Given data Block Start

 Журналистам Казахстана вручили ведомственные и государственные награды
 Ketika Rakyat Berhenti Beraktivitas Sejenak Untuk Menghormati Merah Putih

Given data Block End
Given data Block Start

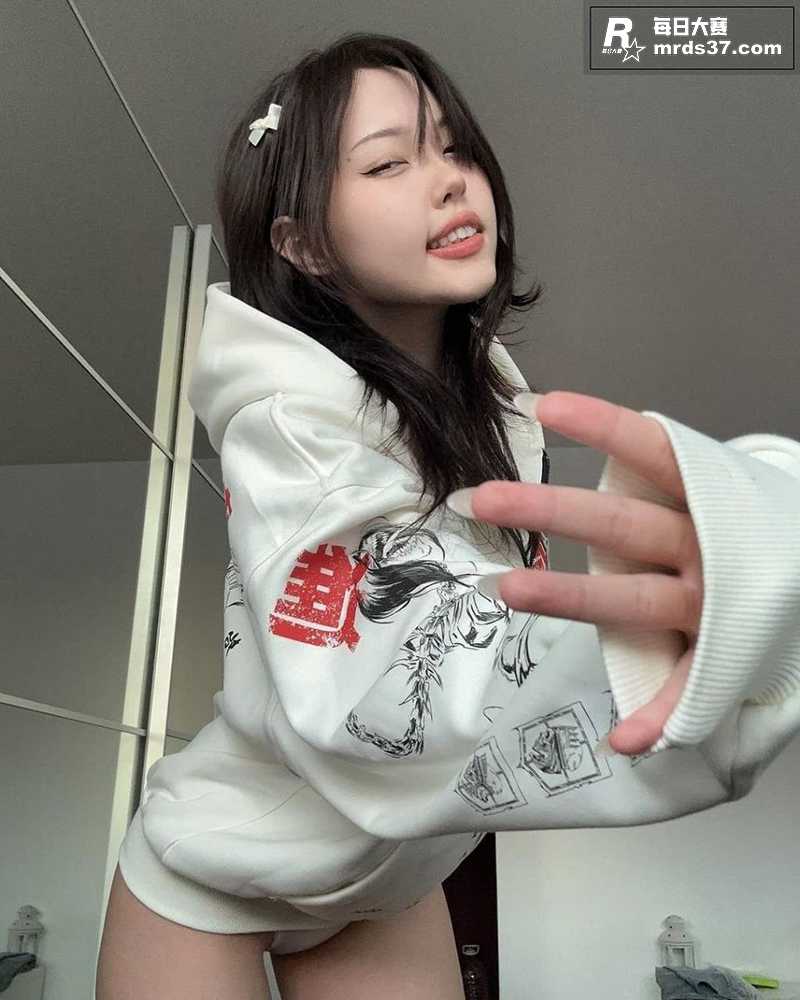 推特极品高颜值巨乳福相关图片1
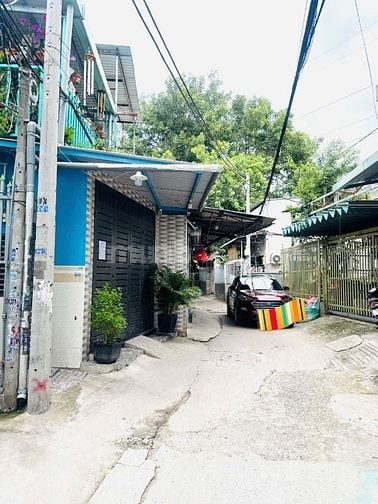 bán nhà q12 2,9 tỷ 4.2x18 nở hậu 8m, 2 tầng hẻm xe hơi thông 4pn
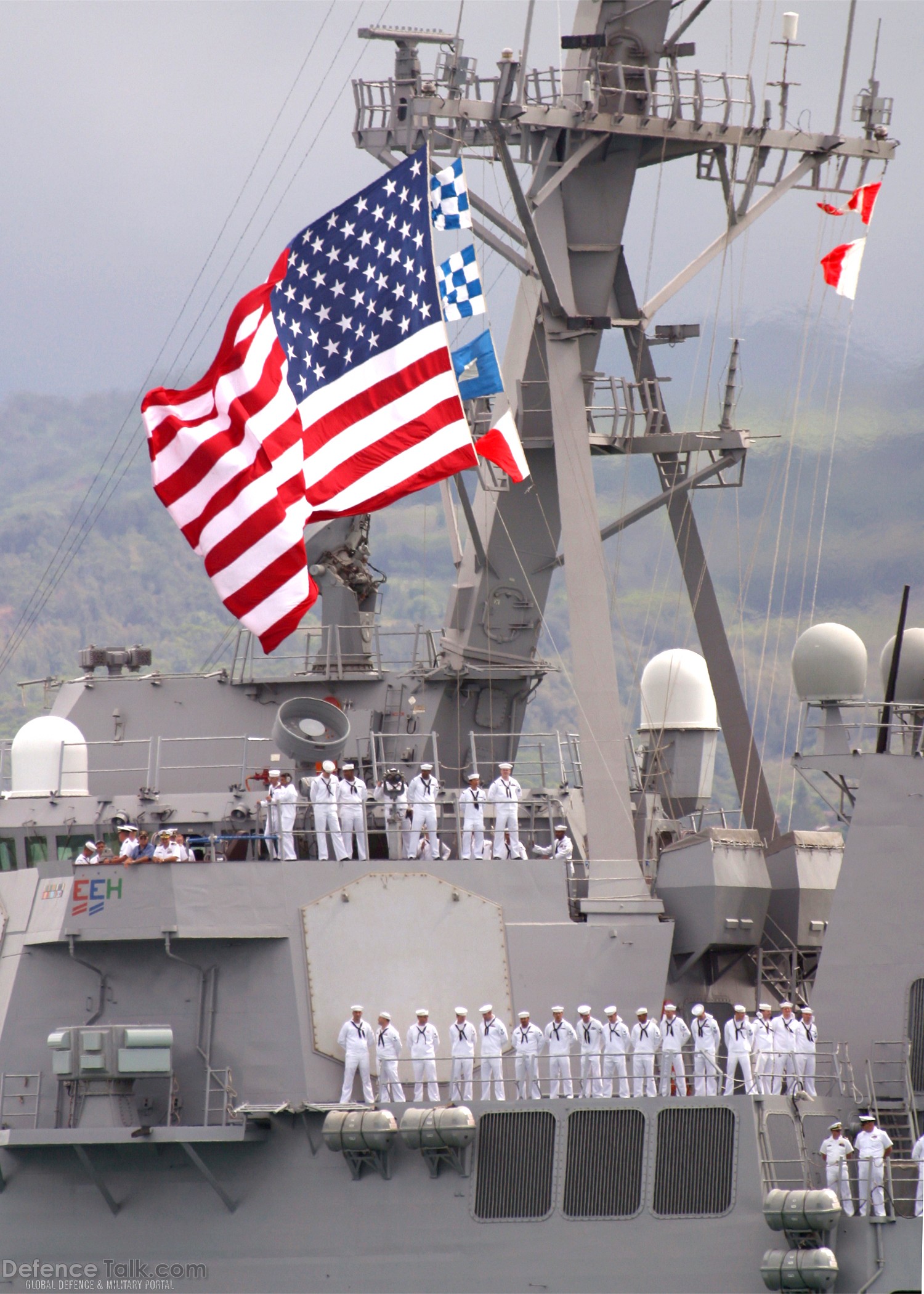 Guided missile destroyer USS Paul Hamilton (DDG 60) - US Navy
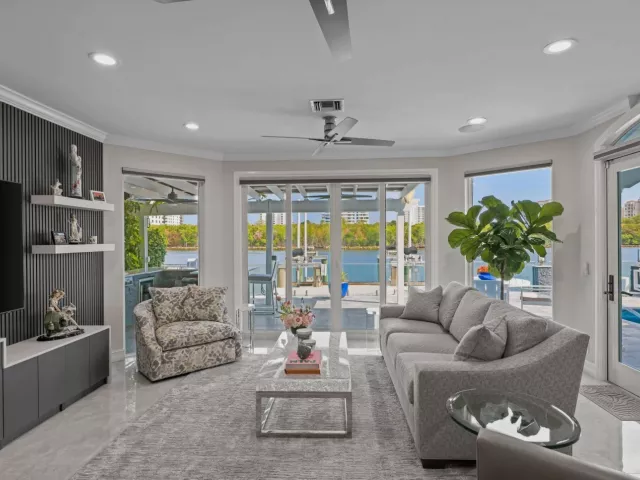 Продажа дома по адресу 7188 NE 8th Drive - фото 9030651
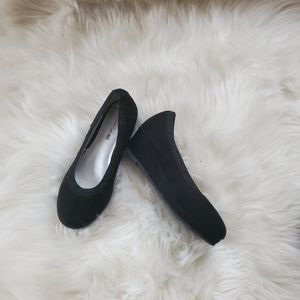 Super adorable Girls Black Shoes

Given data Block End
Given data Block Start

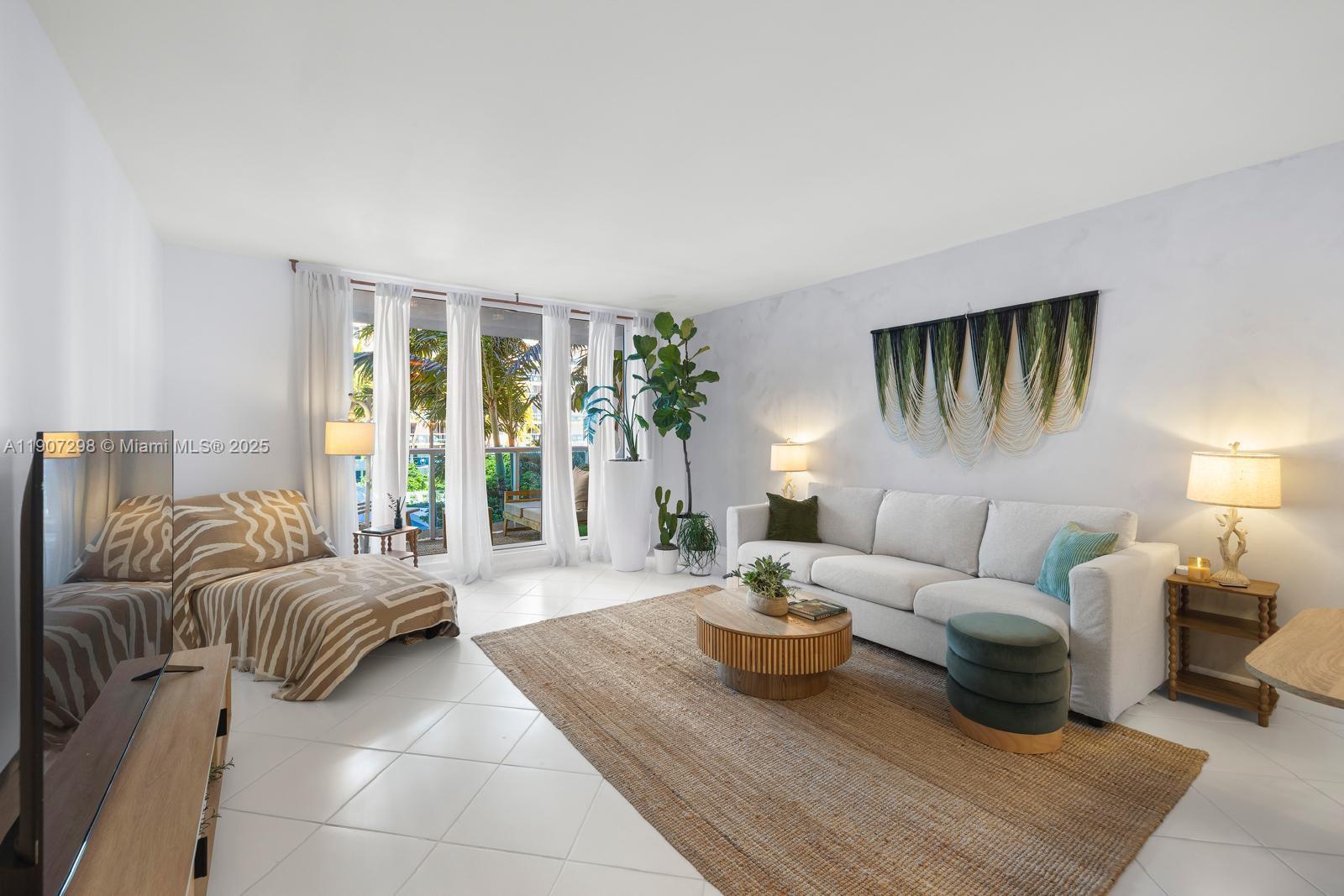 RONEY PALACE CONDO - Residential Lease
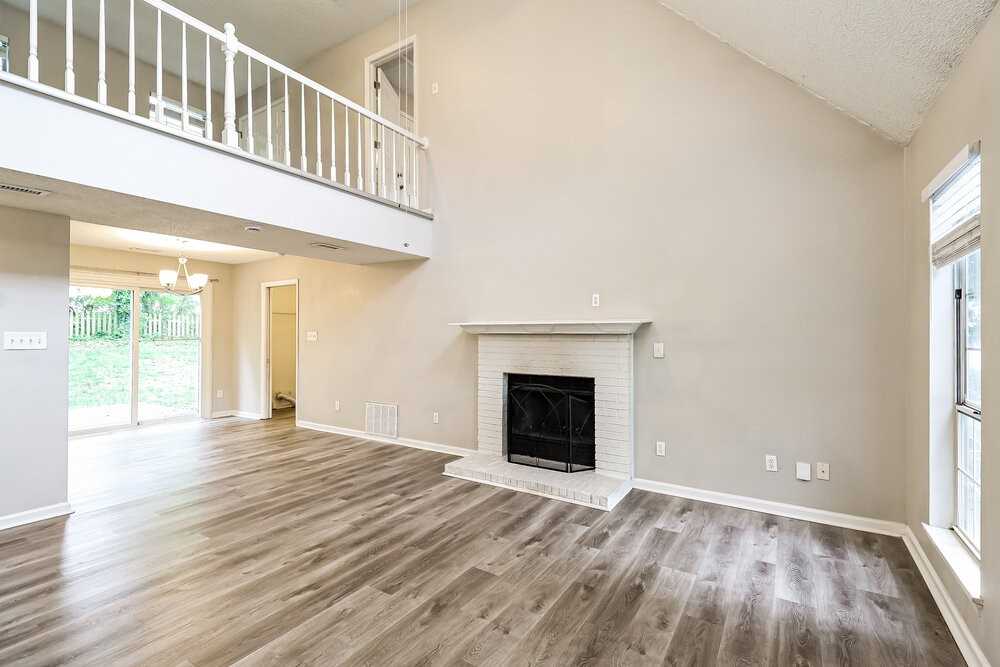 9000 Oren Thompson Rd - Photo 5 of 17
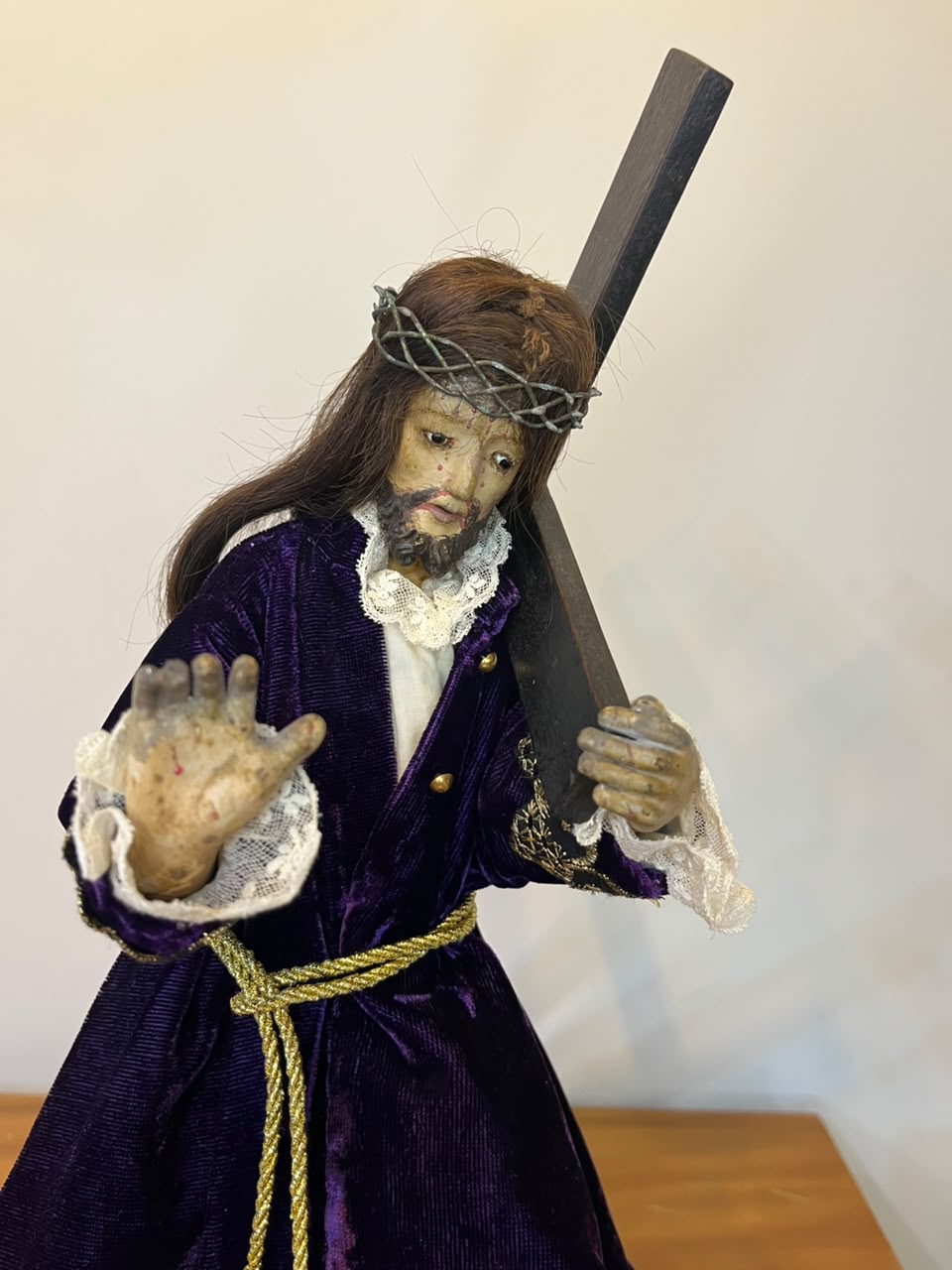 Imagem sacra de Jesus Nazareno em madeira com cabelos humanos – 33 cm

Given data Block End

● Exercise objective:
In the entries above, find the line containing "bán nhà q12" and the line containing "Super adorable Girls Black Shoes", then copy both and every line between them exactly, without any picture.

● Response:
 bán nhà q12 2,9 tỷ 4.2x18 nở hậu 8m, 2 tầng hẻm xe hơi thông 4pn
 Guided missile destroyer USS Paul Hamilton (DDG 60) - US Navy
 Продажа дома по адресу 7188 NE 8th Drive - фото 9030651
 Super adorable Girls Black Shoes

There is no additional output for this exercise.